====== GIVEN ENTRIES
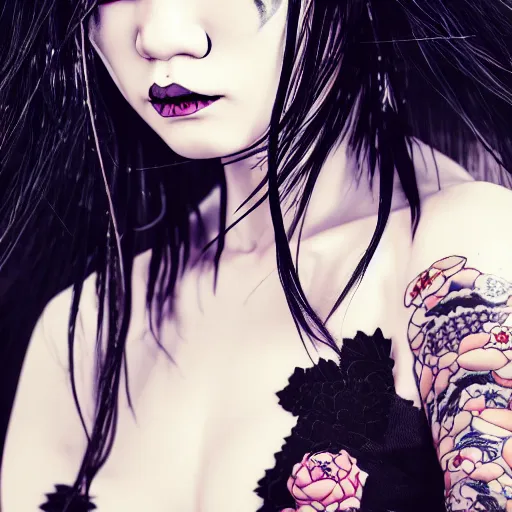 Image similar to japanese gothic model with maximalist hair style and kanji tattoos, dark colors, fashion model, portrait shot, depth of field, 8 k, hyper detailed, intricate, trending on artstation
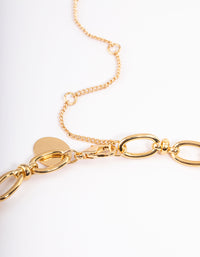 Gold Plated Rose Quartz Oval Link Chain Necklace - link has visual effect only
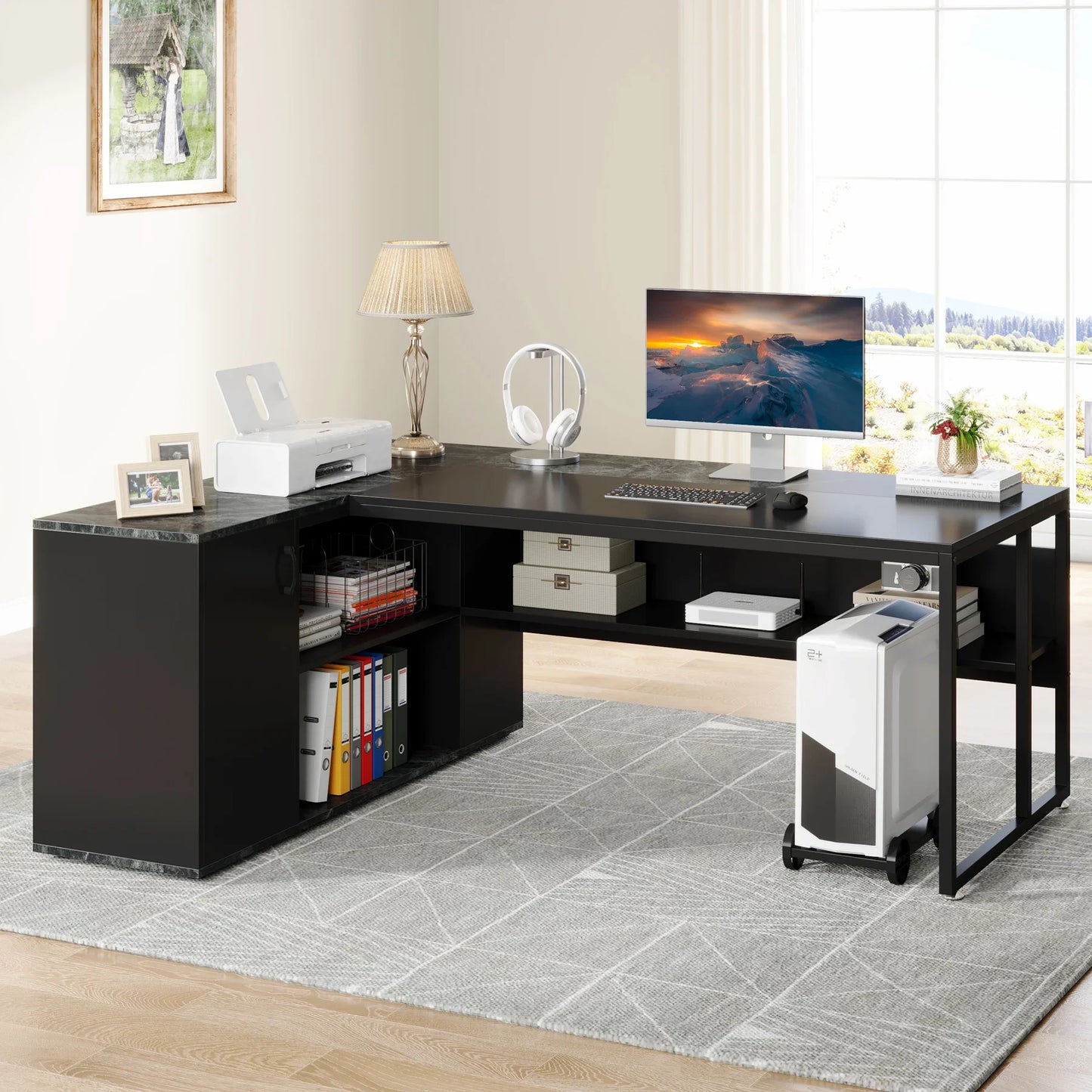 Modern Constructed  L-Shaped Executive Desk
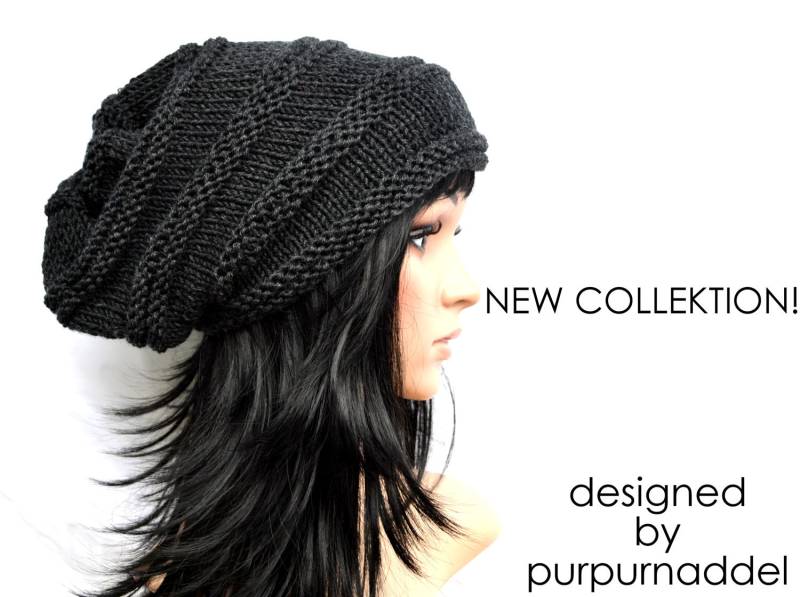 Neue Kollektion, Super Coole Grobstrick Anthrazit Mütze, Gestrickt von purpurnaddel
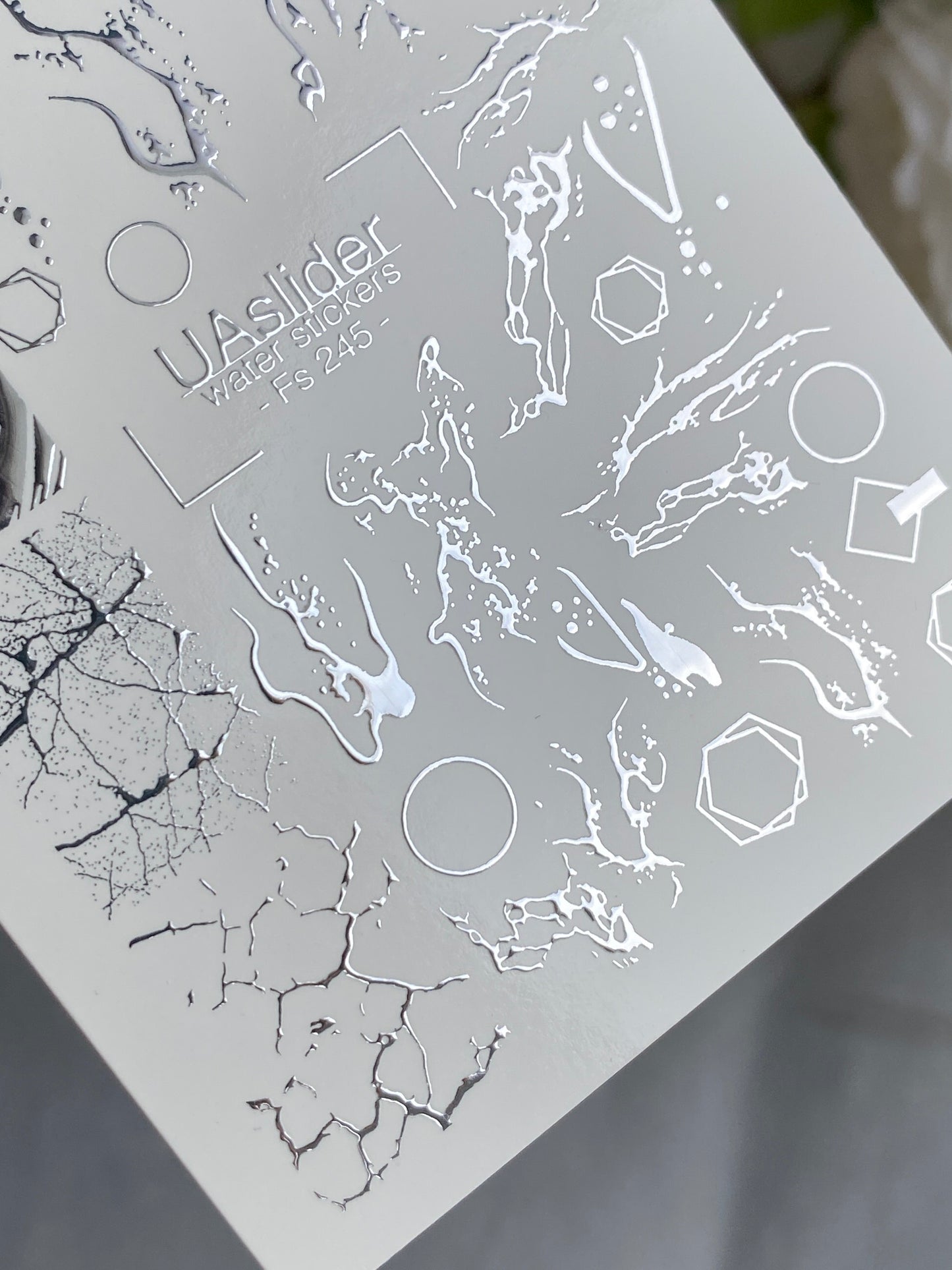 Nail Water Decal Fs-245 | Abstract Water Slide Nail Decals | Silver Foil Marble & Crackle Designs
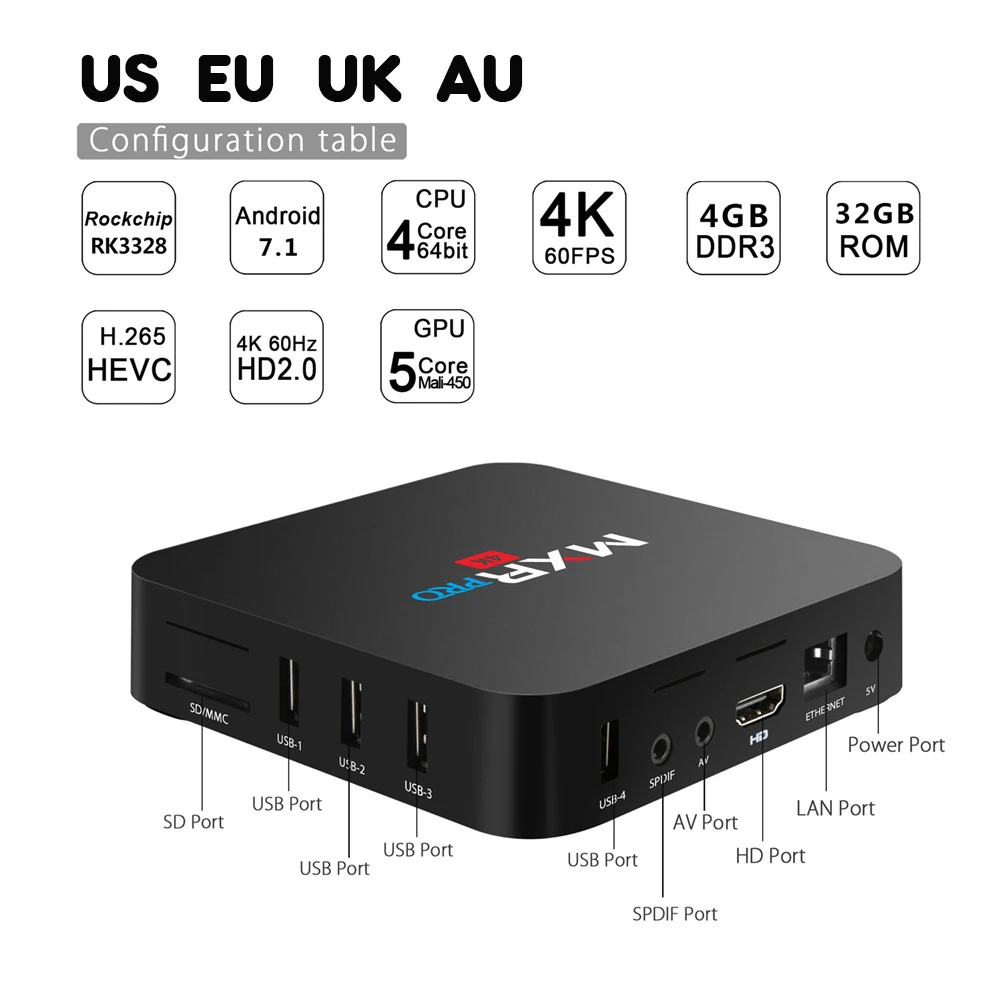4 ГБ ОЗУ 32 Гб ПЗУ Max Mxr Pro Android 7 1 Smart Tv Box Rk3328 четырехъядерный 2 ГГц Wifi Vp9 H.265 Uhd Mxrpro 4K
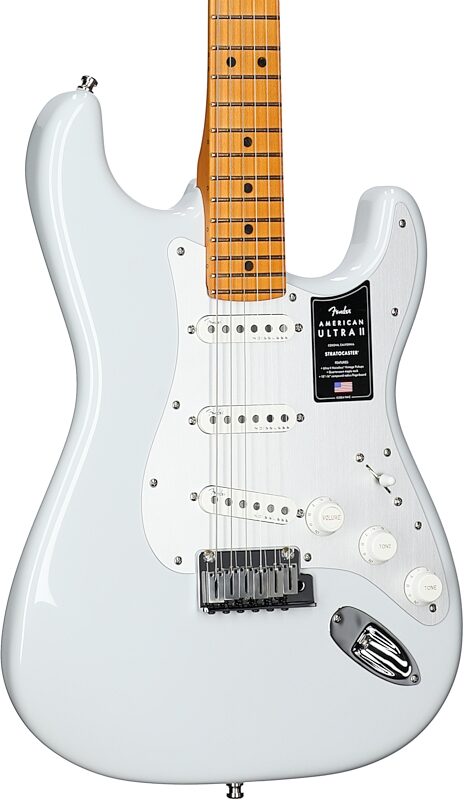 open zoom image for Fender American Ultra II Stratocaster Electric Guitar, Maple Fretboard (with Case), Avalanche, Full Left Front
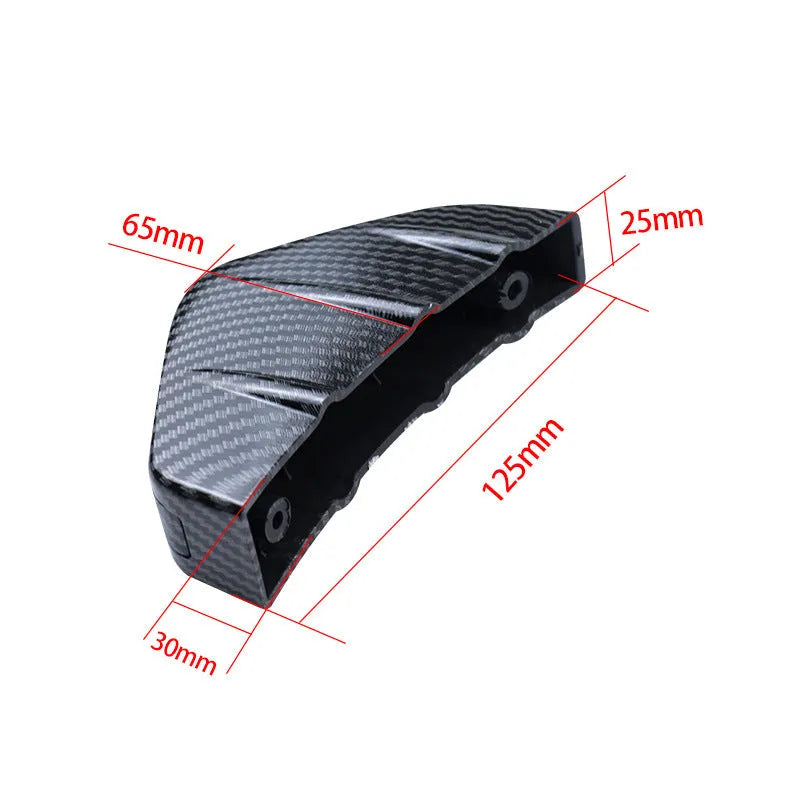 Black triangular car rear spoiler made from ABS plastic, 15cm long, with mounting screws and adhesive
============
For this exercise, set down the lines in the entries above from the one with "Neue Kollektion, Super" through the one with "4 ГБ ОЗУ 32" exactly as written, without any pictures.

 Neue Kollektion, Super Coole Grobstrick Anthrazit Mütze, Gestrickt von purpurnaddel
 Nail Water Decal Fs-245 | Abstract Water Slide Nail Decals | Silver Foil Marble & Crackle Designs
4 ГБ ОЗУ 32 Гб ПЗУ Max Mxr Pro Android 7 1 Smart Tv Box Rk3328 четырехъядерный 2 ГГц Wifi Vp9 H.265 Uhd Mxrpro 4K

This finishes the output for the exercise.